- Poster
- Directed by: Vijaya Bapineedu
- Produced by: Maganti Ravindranath Chowdary
- Starring: Chiranjeevi Roja Kota Srinivasa Rao Vijayachander Madhavi
- Cinematography: Lok Singh Prasad Babu
- Edited by: Trinath
- Music by: Bappi Lahiri
- Production company: Shyam Prasad Arts
- Distributed by: Geetha Arts
- Release date: 15 June 1995;
- Country: India
- Language: Telugu

= Big Boss (film) =

1995 Indian Telugu-language film

Big Boss is a 1995 Indian Telugu-language film directed by Vijaya Bapineedu.
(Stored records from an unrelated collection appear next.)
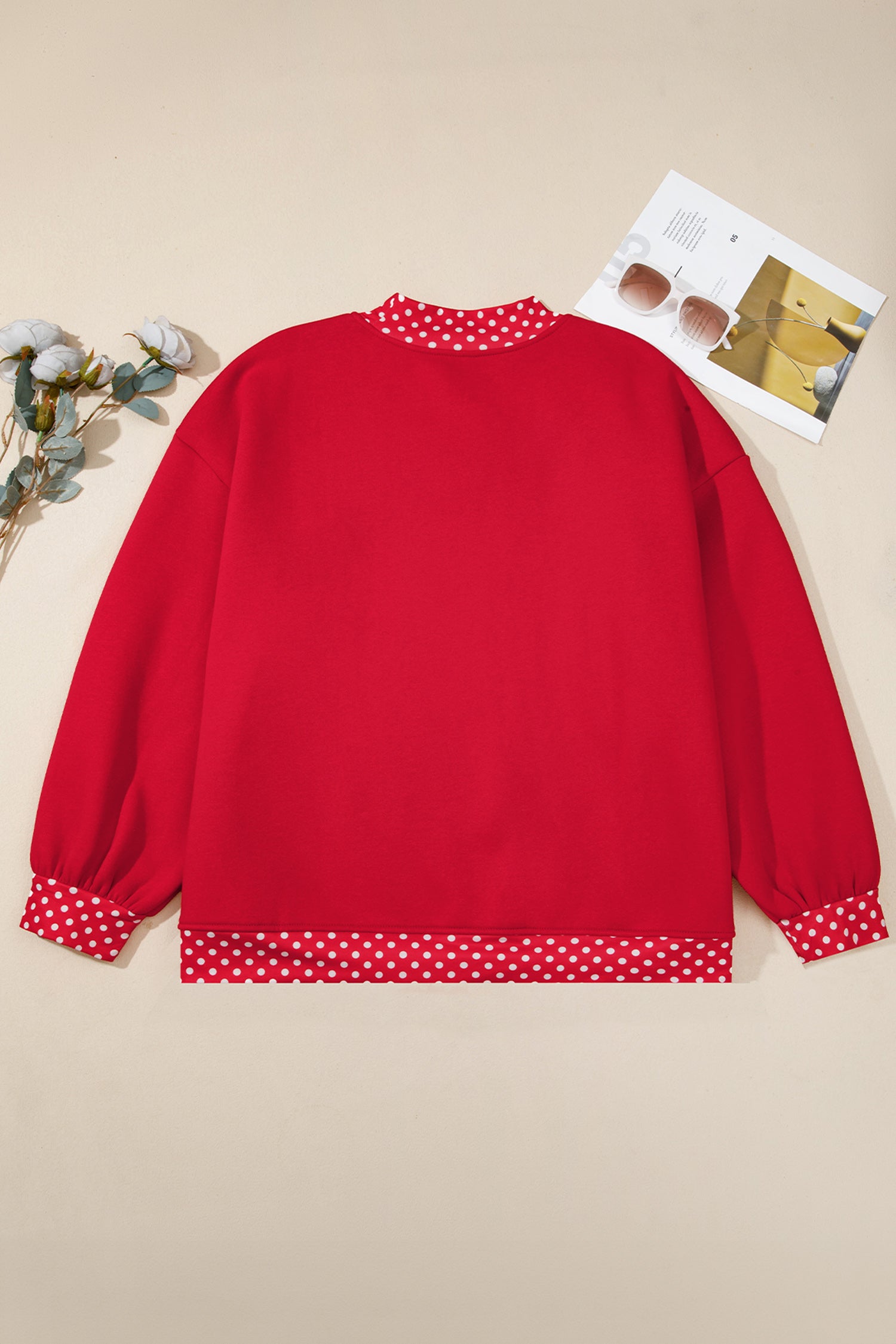A red long-sleeve sweatshirt with red and white polka dot trim on the collar, cuffs, and hem, laid flat on a beige background with decorative flowers and a magazine.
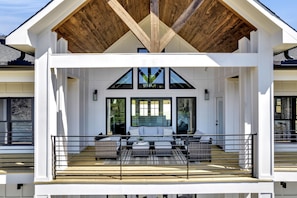 Relax in a covered outdoor seating area with a beautiful view.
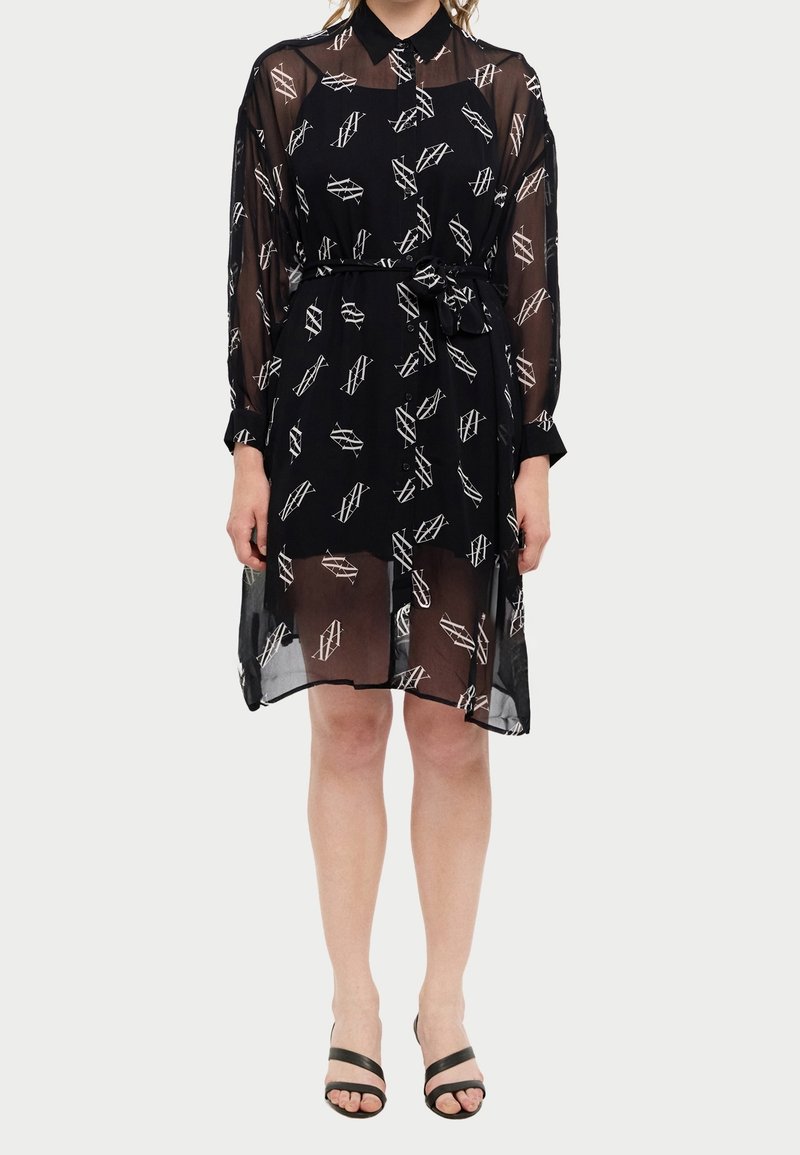 Femme portant une robe noire transparente avec des motifs géométriques blancs, manches longues, col, ceinture à la taille et talons ouverts noirs.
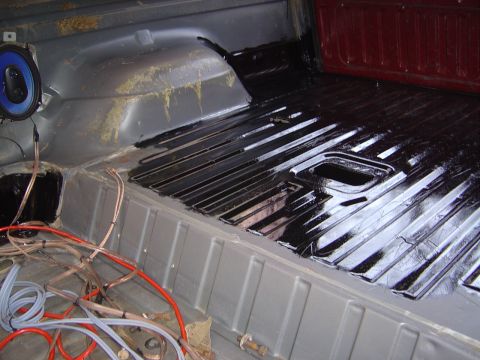 1986 Ford Bronco - The interior floor of a vehicle is being coated with a black protective substance, with wiring visible.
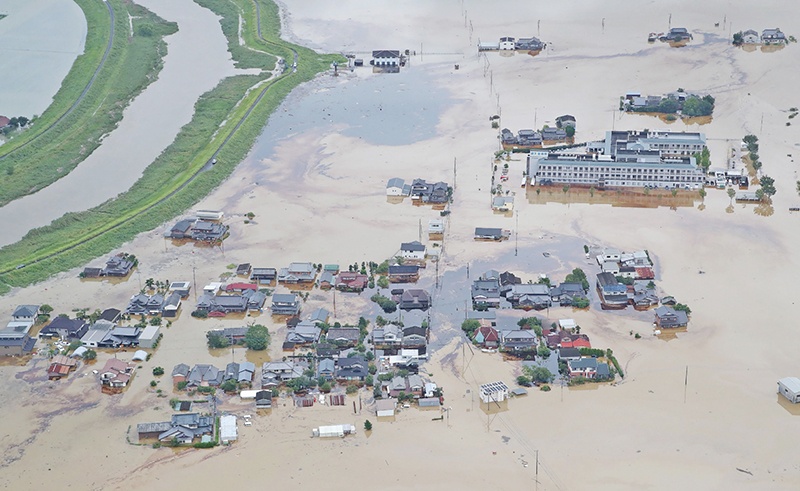TOPSHOT - An aerial view shows submerged houses and buildings following heavy rains in Omachi, Saga prefecture on August 28, 2019. - Two people were confirmed dead as heavy rains pounded southwest Japan, prompting flood and landslide warnings and orders for 670,000 people to seek safety. (Photo by JIJI PRESS / JIJI PRESS / AFP) / Japan OUT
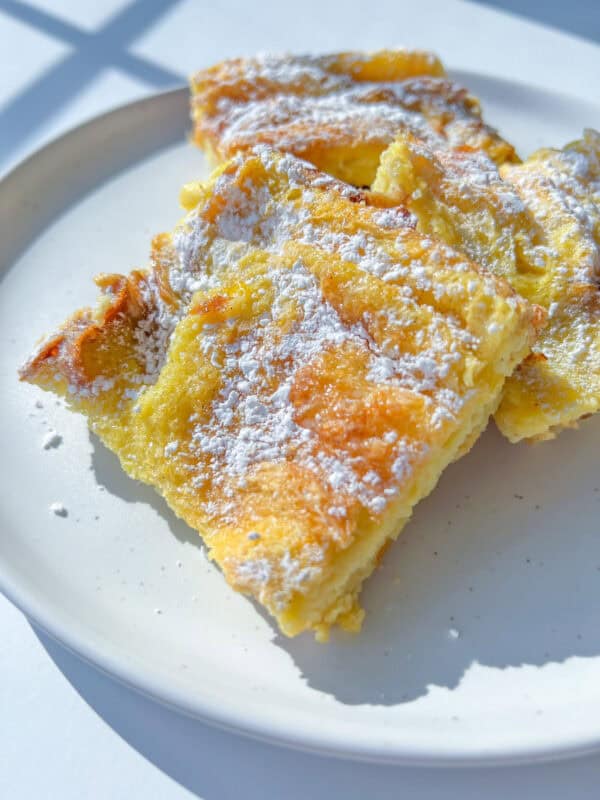 Three golden, fluffy slices of baked pancake, reminiscent of a French Toast Casserole, are dusted with powdered sugar and arranged on a white plate, bathed in natural sunlight.
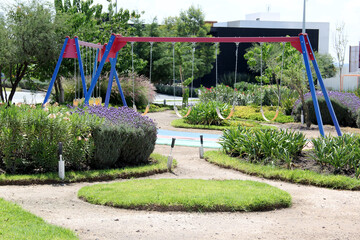 Color games for children in an open area between buildings, safe and quiet. There are swings, go up and down, slide and pass hands
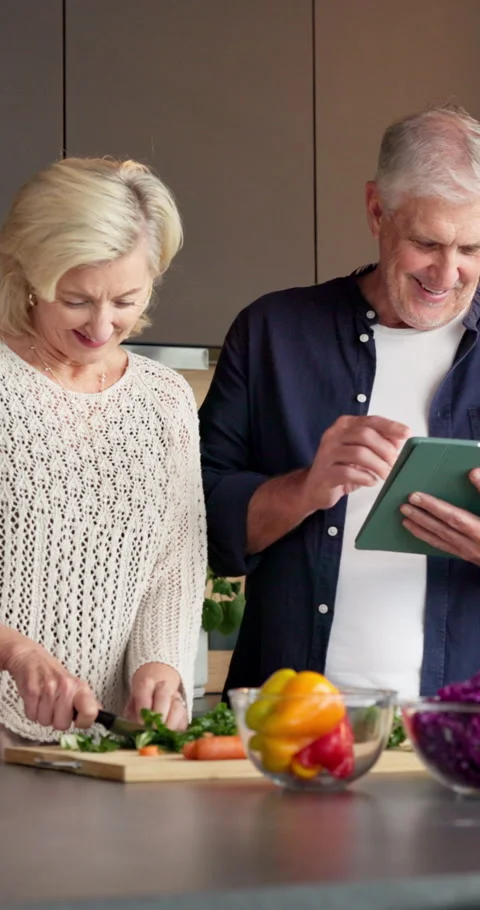 Vegetables, cooking and old couple with tablet, chopping board or laugh with Stock Footage 336855679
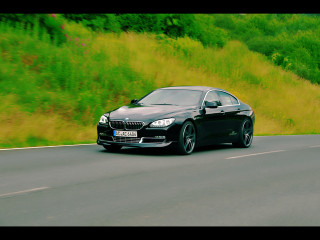 Black car road green hillside - lush free wallpaper
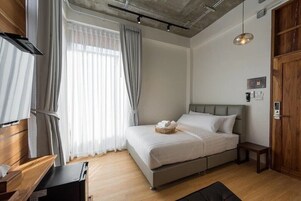 Un dormitorio moderno con cama, mesita de noche y un armario de madera.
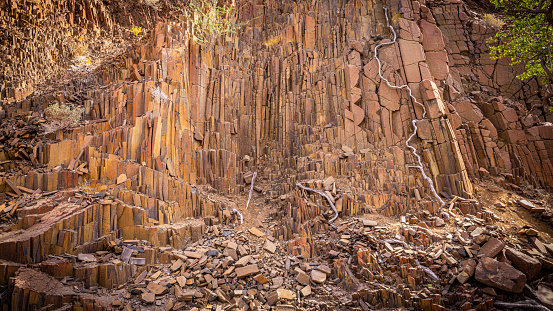 Basalt, volcanic rocks known as the Organ Pipes, Twyfelfontein in Damaraland, Namibia.  Horizontal.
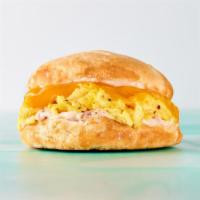 Yee Haw · Fluffy buttermilk biscuit stuffed with egg, cheddar cheese, and country ham aioli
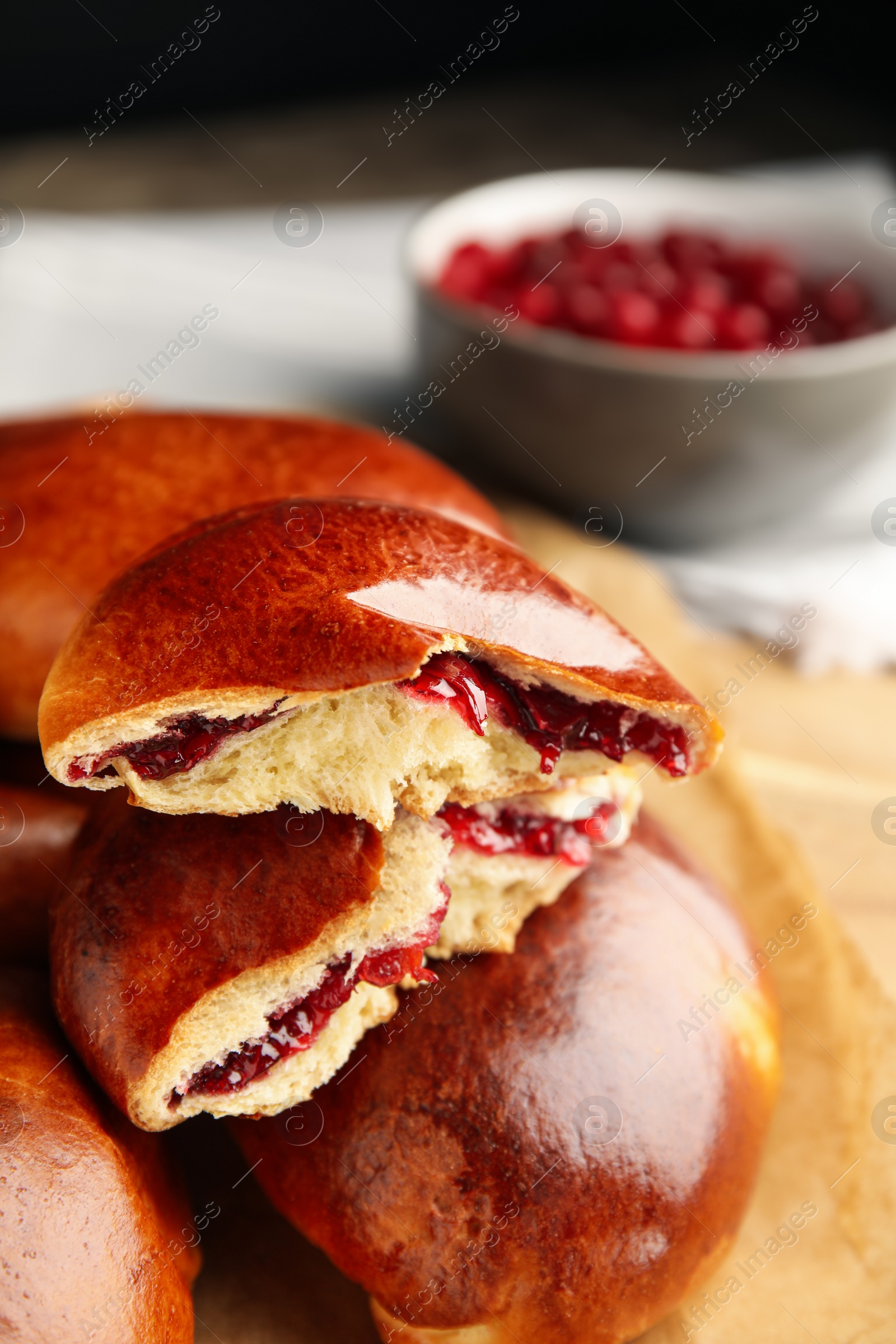 Photo of Baked cranberry pirozhki, closeup view. Delicious pastry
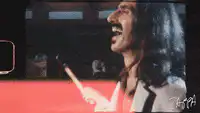 Frank Zappa laughing with drumstick
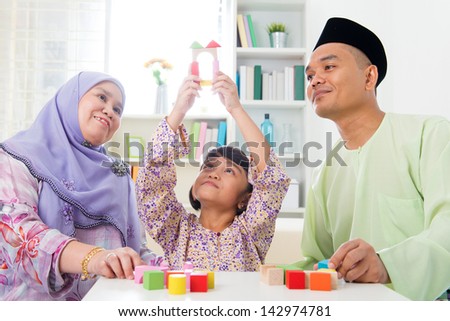 Malay family at home. Muslim girl building a wooden toy house. Southeast Asian parents and child living lifestyle.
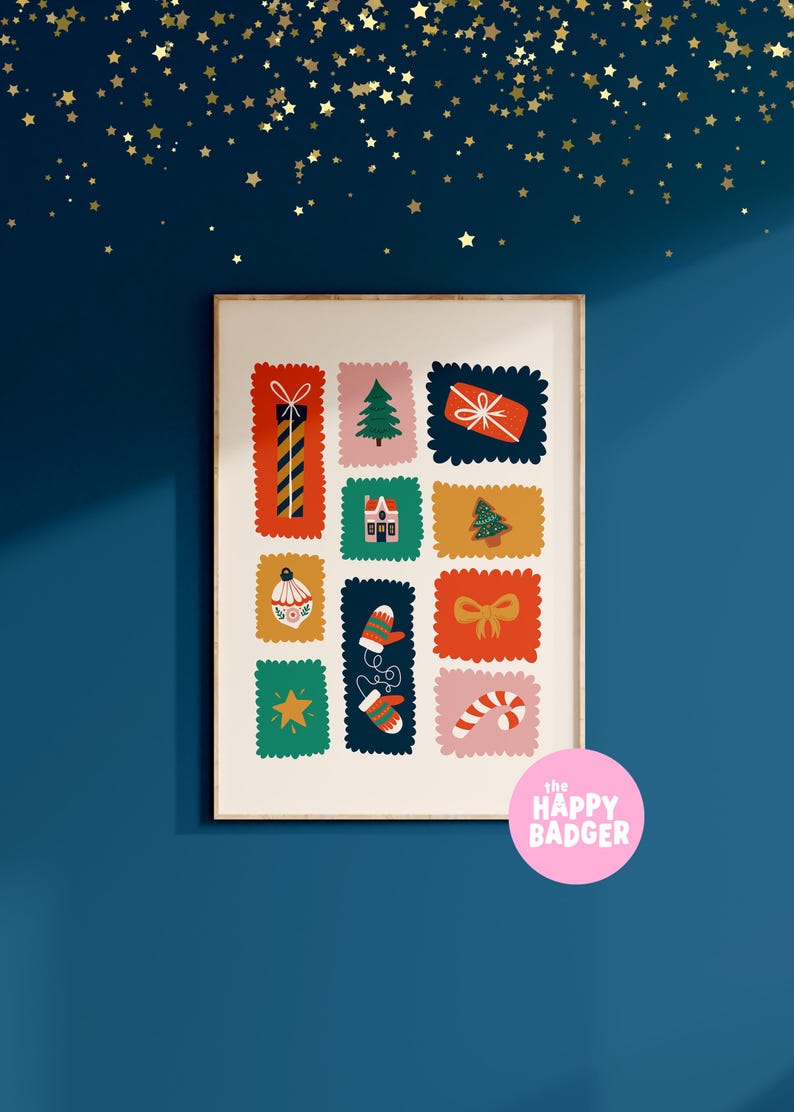 May include: A rectangular wall art print in a light wooden frame featuring a grid of twelve colorful postage stamp-style illustrations of Christmas icons including a gift, tree, house, ornament, mittens, bow, star, and candy cane with a pink logo.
The film stars Chiranjeevi, Roja, Kota Srinivasa Rao and Madhavi in important roles. The film was also dubbed and released in Malayalam under the same title. It was a failure at the box office.

== Plot ==

The movie starts with a young man Surendra (Chiranjeevi) landing in a town for a job. He witnesses rivalry between two mafia gangs at that place. After a fight with a street goon, he is recognized by one gang and encouraged to become a don. He rents a room in Madhavi's house, who lives with her sister Roja and granny (Nirmalamma). After few routine scenes, Roja falls in love with Surendra and expresses her love. But Bavaraju Surendra becomes uncertain about his future, rejects Roja's proposal and starts looking for matches for her. Meanwhile, his mother (Sujatha), younger brother, and sister move to his place and start living with him. His mother worries about his lifestyle and his future. One day, she recognizes Kota Srinivasa Rao, the rival gang leader as the destroyer of her family. Surendra's family is kidnapped by Kota and how Surendra rescues them forms the climax of this movie.

== Cast ==
- Chiranjeevi as Bavarala Surendra / Boss
- Roja as Roja (Voice Dubbed by Roja Ramani)
- Kota Srinivasa Rao as Varadarajulu
- Vijayachander as Akkineedu
- Madhavi
- Ali
- Nirmalamma as Roja's grandmother
- Anjali Devi
- Jyothi Lakshmi
- Allu Rama Lingaiah as Kukkalakunta Subbarao
- Babu Mohan
- Narra Venkateswara Rao
- P. J. Sharma
- Vinod
- Mithai Chitti
- Sujatha as Surendra's mother
- Tanikella Bharani as SI Yadagiri
- J. V. Somayajulu
- Nutan Prasad
- Easwar Rao
- Rajeev Kanakala

== Soundtrack ==
Music by Bappi Lahiri.
1. "Mava Mava": S. P. Balasubrahmanyam, K. S. Chitra
2. "Koosethesinnade": S. P. Balasubrahmanyam, Renuka
3. "Uromochesindoy": S. P. Balasubrahmanyam, K. S. Chitra
4. "Nee Lanti Revulona": S. P. Balasubrahmanyam, K. S. Chitra
5. "Number 1 Number 2": S. P. Balasubrahmanyam
6. "Sudiki Daram": Mano, K. S. Chitra

== Reception ==
Big Boss, the sixth collaboration of the director Vijaya Bapineedu with Chiranjeevi, was a box-office failure.